▶ [WHAT YOU HAVE TO DO] After locating the line with "Man som bär" below, output it and each following line exactly, stopping after the line with "a white plastic". No pictures.

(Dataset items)
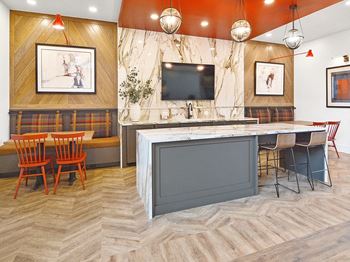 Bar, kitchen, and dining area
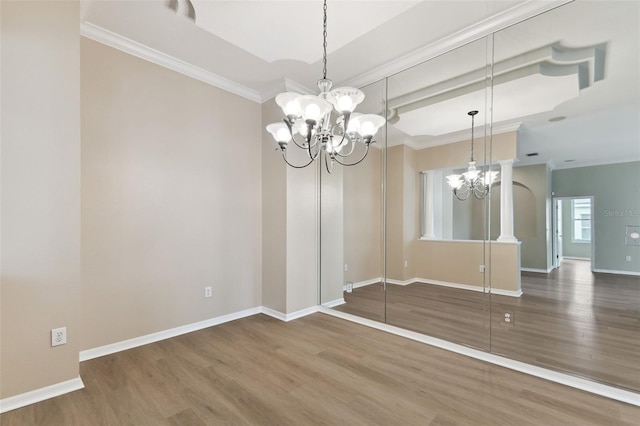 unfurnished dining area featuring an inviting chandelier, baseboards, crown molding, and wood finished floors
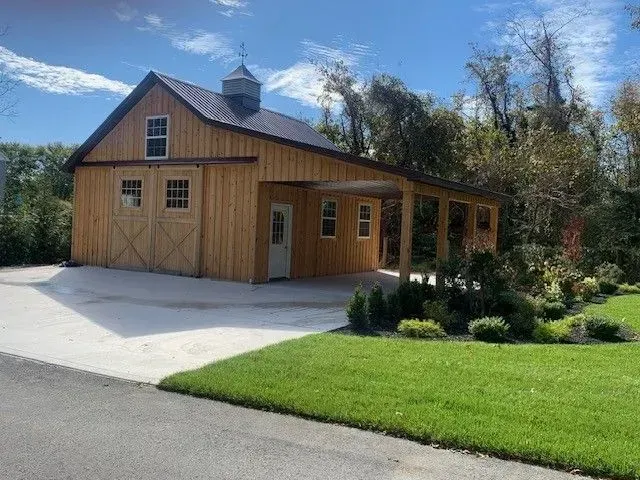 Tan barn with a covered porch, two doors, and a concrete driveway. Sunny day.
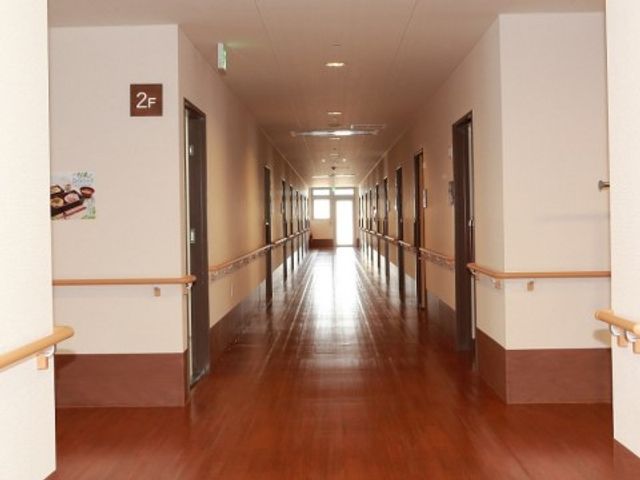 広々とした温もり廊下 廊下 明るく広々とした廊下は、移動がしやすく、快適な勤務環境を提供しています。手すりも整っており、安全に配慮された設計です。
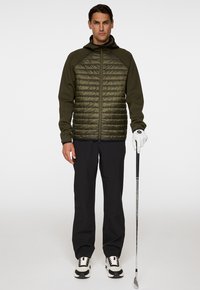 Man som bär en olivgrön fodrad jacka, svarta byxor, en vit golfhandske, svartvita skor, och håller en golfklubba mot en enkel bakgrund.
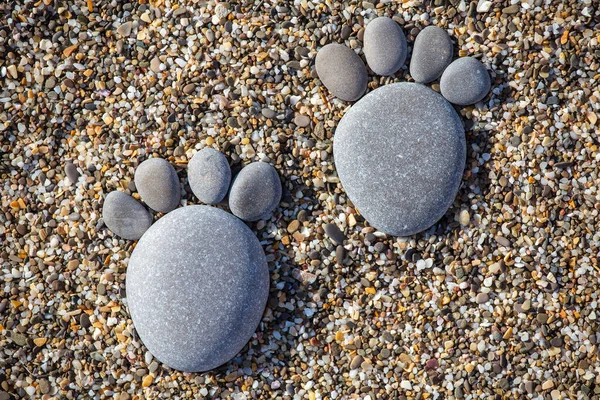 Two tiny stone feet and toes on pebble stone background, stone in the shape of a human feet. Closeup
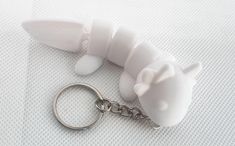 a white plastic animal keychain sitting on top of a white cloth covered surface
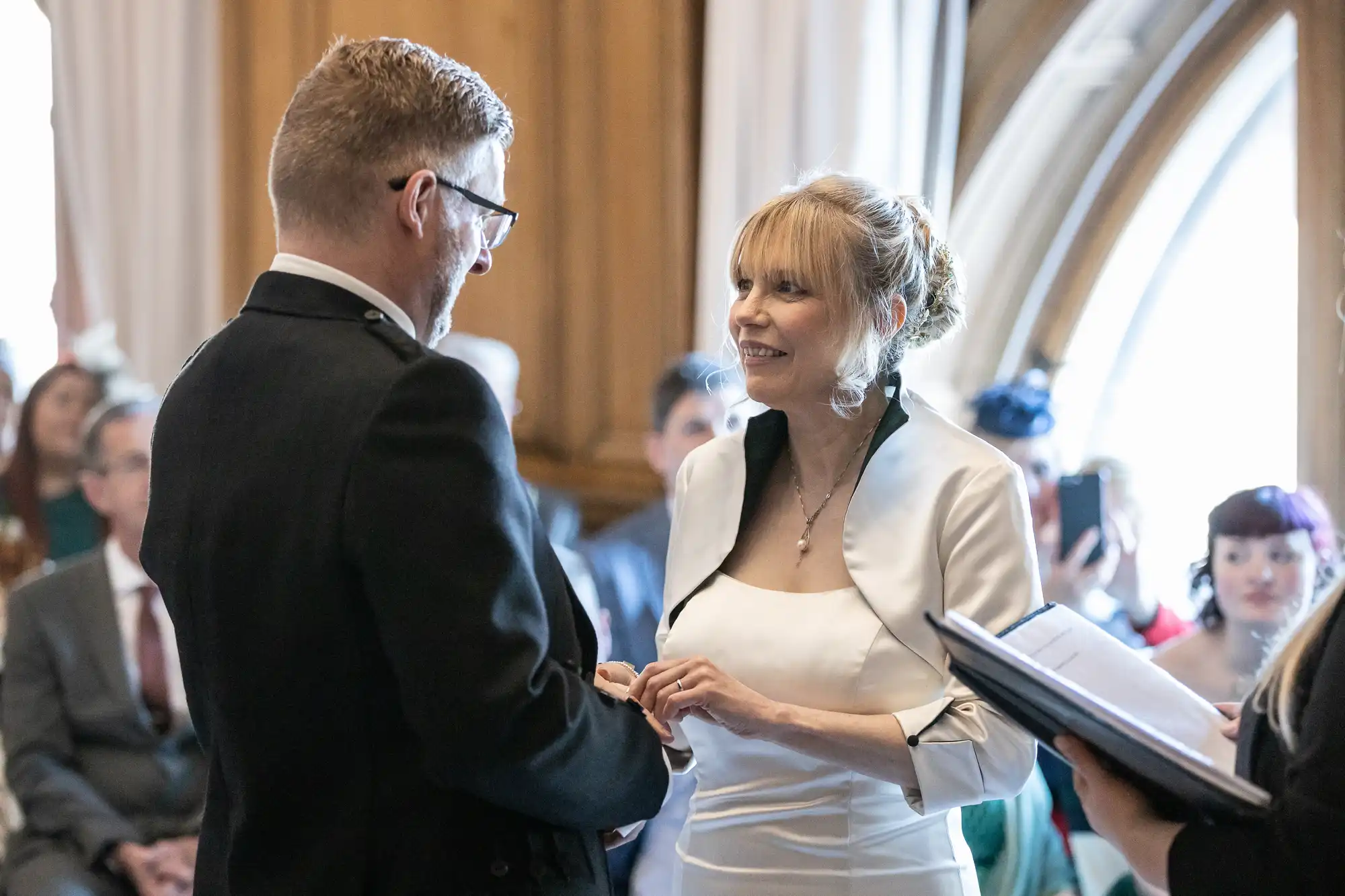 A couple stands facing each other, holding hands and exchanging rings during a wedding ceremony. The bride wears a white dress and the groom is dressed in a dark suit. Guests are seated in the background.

==

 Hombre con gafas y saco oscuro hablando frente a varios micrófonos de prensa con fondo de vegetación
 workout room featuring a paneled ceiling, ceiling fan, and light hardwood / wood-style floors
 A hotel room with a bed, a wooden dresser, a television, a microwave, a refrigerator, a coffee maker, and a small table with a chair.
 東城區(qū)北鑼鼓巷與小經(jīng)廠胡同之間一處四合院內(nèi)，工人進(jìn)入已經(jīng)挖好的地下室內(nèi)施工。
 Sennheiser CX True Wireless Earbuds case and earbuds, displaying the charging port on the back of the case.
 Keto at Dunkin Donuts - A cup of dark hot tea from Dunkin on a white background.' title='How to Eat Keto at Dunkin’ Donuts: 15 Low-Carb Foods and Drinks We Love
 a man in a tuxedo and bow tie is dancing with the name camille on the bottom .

▶ [SOLVED EXERCISE]
 Man som bär en olivgrön fodrad jacka, svarta byxor, en vit golfhandske, svartvita skor, och håller en golfklubba mot en enkel bakgrund.
 Two tiny stone feet and toes on pebble stone background, stone in the shape of a human feet. Closeup
 a white plastic animal keychain sitting on top of a white cloth covered surface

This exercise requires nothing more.